IT IS FURTHER STATED IN YOUR LETTER THAT IT IS THE FEELING OF THE SECRETARY OF LABOR THAT SUCH AN ADMINISTRATIVE RESTRICTION "WOULD BE AN IMPORTANT CONTRIBUTION TOWARD PROMOTING AND MAINTAINING FAIR LABOR STANDARDS PREVAILING IN THE AREA, AND TOWARD PROMOTING EQUALITY OF BIDDING OPPORTUNITY AMONG BIDDERS WHO ARE INTERESTED IN MAINTAINING WHAT SEEMS TO BE GENERALLY CONCEDED AS A DESIRABLE AND ACCEPTABLE FAIR LABOR STANDARD; " AND THAT SUCH RESTRICTION GENERALLY WOULD COINCIDE WITH THE HOURLY AND OVERTIME REQUIREMENTS OF THE WALSH-HEALEY PUBLIC CONTRACTS ACT AND THE FAIR LABOR STANDARDS ACT.

THE CONGRESS HAS ENACTED VARIOUS STATUTES DEALING WITH LABOR STANDARDS TO BE OBSERVED BY GOVERNMENT CONTRACTORS, AMONG THEM THE DAVIS-BACON ACT, 40 U.S.C. 276A ET SEQ., REQUIRING THE PAYMENT OF MINIMUM WAGES, THE EIGHT- HOUR LAW, 40 U.S.C. 321-326, FORBIDDING WORK IN EXCESS OF 8 HOURS PER DAY WITHOUT OVERTIME PAY, THE WALSH-HEALEY ACT OF 1936, 49 STAT. 2036, REQUIRING SPECIFIC REPRESENTATIONS AND STIPULATIONS RELATING TO MAXIMUM HOURS, MINIMUM WAGES, ETC., IN ALL SUPPLY CONTRACTS EXCEEDING $10,000, AND THE ANTI-KICKBACK ACT, 40 U.S.C. 276B AND C, PROHIBITING REBATES OF WAGES BY EMPLOYEES. MATERIALLY DISTINGUISHABLE FROM THE ABOVE STATUTES IS THE FAIR LABOR STANDARDS ACT OF JUNE 25, 1938, 52 STAT. 1060, WHICH IS A STATUTE OF GENERAL APPLICATION DESIGNED FOR THE DECLARED PURPOSE OF CORRECTING AND ELIMINATING UNWHOLESOME LABOR CONDITIONS AND UNSAVORY COMMERCIAL PRACTICES IN INDUSTRIES ENGAGED IN INTERSTATE COMMERCE, AND ONE WHICH, WHILE VESTING IN THE EMPLOYEE A DIRECT LEGAL REMEDY FOR RECOVERY OF UNPAID WAGES, NEITHER AUTHORIZES NOR REQUIRES THAT GOVERNMENT CONTRACTS CONTAIN STIPULATIONS AS TO COMPLIANCE THEREWITH. SEE 22 COMP. GEN. 265, 266.

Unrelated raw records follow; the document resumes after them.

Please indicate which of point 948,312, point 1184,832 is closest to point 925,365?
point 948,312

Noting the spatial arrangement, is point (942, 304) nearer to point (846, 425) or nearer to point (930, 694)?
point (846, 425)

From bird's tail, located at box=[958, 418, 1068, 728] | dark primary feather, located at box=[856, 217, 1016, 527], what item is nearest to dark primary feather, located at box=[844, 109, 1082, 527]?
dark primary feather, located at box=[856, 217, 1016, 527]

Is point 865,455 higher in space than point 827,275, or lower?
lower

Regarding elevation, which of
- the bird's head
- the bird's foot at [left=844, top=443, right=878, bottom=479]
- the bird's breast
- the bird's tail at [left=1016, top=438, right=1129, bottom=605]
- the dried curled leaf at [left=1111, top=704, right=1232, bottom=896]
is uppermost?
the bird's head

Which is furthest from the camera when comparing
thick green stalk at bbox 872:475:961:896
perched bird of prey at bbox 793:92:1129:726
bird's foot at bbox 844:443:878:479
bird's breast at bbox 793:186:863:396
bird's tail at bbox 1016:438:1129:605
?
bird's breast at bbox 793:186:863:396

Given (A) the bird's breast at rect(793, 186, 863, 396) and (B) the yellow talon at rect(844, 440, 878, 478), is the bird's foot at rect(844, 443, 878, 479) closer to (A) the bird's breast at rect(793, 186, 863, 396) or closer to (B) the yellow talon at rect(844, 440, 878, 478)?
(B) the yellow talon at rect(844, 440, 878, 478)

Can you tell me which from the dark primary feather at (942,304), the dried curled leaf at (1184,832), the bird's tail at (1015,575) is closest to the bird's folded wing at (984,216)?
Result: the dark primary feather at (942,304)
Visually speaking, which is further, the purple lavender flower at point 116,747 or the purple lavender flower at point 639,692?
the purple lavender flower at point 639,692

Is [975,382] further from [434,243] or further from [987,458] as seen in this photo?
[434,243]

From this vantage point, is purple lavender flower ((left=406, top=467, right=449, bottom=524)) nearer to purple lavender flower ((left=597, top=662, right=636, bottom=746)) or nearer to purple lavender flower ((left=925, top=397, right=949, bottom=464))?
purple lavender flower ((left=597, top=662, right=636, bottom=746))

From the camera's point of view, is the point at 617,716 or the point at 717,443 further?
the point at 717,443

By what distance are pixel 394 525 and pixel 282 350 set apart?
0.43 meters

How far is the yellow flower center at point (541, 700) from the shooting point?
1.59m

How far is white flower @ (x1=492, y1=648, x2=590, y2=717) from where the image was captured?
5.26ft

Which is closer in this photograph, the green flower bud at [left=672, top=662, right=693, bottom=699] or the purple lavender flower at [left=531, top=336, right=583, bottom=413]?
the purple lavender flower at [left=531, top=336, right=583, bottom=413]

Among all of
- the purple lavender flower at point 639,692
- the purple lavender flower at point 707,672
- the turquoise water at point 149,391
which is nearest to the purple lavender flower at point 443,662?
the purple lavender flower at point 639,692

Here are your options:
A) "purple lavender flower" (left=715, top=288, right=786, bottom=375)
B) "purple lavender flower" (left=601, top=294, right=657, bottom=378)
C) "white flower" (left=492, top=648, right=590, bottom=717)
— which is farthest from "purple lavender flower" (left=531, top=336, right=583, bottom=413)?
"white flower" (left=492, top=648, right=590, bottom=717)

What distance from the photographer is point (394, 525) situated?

WITH REFERENCE TO THE CITED EIGHT-HOUR LAW, THE PROVISIONS THEREOF DO NOT RELATE TO WORK IN EXCESS OF 40 HOURS PER WEEK OR THE PAYMENT OF OVERTIME COMPENSATION FOR WORK IN EXCESS OF 40 HOURS A WEEK. THAT STATUTE MERELY PERMITS THE EMPLOYMENT OF LABORERS AND MECHANICS IN EXCESS OF 8 HOURS PER DAY UPON THE CONDITION THAT TIME AND ONE-HALF BE PAID FOR OVERTIME WORK IN EXCESS OF 8 HOURS. SEE 20 COMP. GEN. 233. THERE IS NO EXPRESS STATUTORY PROVISION WHICH REQUIRES THAT THE EMPLOYMENT OF WORKERS UNDER GOVERNMENT CONSTRUCTION CONTRACTS BE LIMITED TO 40 HOURS PER WEEK WITH PAYMENT OF OVERTIME FOR HOURS WORKED IN EXCESS OF 40 HOURS.

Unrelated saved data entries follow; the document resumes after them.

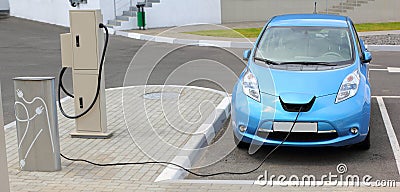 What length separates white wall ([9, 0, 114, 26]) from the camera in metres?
23.3

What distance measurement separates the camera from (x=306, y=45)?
7.26 metres

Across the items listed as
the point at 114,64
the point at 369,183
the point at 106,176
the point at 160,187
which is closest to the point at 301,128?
the point at 369,183

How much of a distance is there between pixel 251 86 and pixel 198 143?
97 cm

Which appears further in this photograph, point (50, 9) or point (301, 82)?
point (50, 9)

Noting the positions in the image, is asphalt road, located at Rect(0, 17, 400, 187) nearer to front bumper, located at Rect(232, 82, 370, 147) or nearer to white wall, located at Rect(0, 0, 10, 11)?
front bumper, located at Rect(232, 82, 370, 147)

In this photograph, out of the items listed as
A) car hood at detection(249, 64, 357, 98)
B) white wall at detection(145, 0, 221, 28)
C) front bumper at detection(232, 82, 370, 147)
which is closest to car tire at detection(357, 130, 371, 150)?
front bumper at detection(232, 82, 370, 147)

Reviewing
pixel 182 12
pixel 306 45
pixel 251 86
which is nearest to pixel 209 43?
pixel 182 12

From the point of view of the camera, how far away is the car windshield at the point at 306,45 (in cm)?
701

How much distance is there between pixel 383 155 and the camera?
20.9 feet

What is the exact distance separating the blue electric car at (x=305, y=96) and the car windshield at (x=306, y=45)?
12mm

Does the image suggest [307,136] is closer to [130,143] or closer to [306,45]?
[306,45]

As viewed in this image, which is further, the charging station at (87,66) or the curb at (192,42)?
the curb at (192,42)

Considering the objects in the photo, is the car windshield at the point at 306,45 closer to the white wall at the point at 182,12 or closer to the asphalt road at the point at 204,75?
the asphalt road at the point at 204,75

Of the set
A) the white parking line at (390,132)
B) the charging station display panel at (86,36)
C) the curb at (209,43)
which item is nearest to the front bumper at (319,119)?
the white parking line at (390,132) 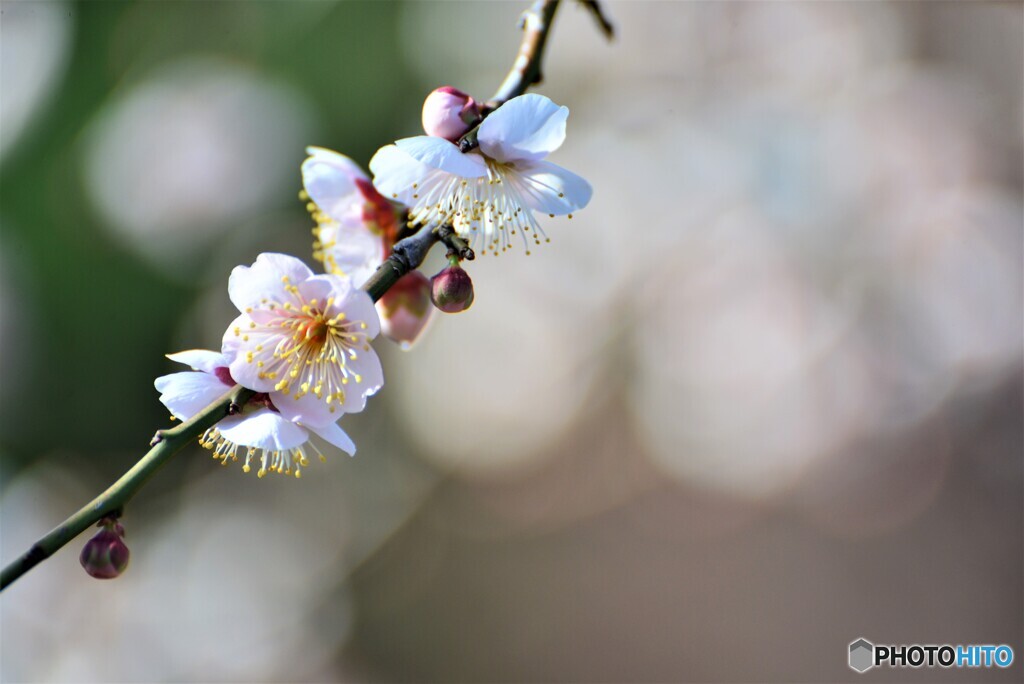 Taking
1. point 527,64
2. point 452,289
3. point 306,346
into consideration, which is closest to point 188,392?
point 306,346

THE INTENDED PURPOSE OF THE PROPOSED PROVISION WOULD NOT APPEAR TO INSURE THAT THE WORK UNDER A PARTICULAR CONTRACT WILL BE OF HIGHER QUALITY OR MORE PROMPTLY PERFORMED, BUT PRIMARILY IS TO SECURE MORE ADVANTAGEOUS WORKING CONDITIONS FOR THE LABORERS AND MECHANICS PERFORMING THE WORK. ALSO, IT IS EVIDENT THAT THE PROPOSED PROVISION WOULD TEND TO INCREASE THE COST TO THE GOVERNMENT OF THE WORK TO BE DONE. THUS, THE BASIC QUESTION FOR CONSIDERATION IS WHETHER APPROPRIATIONS MADE BY THE CONGRESS FOR MILITARY CONSTRUCTION MAY BE UTILIZED IN PART FOR THE BETTERMENT OF WORKING CONDITIONS AMONG THOSE EMPLOYED ON SUCH CONSTRUCTION WORK.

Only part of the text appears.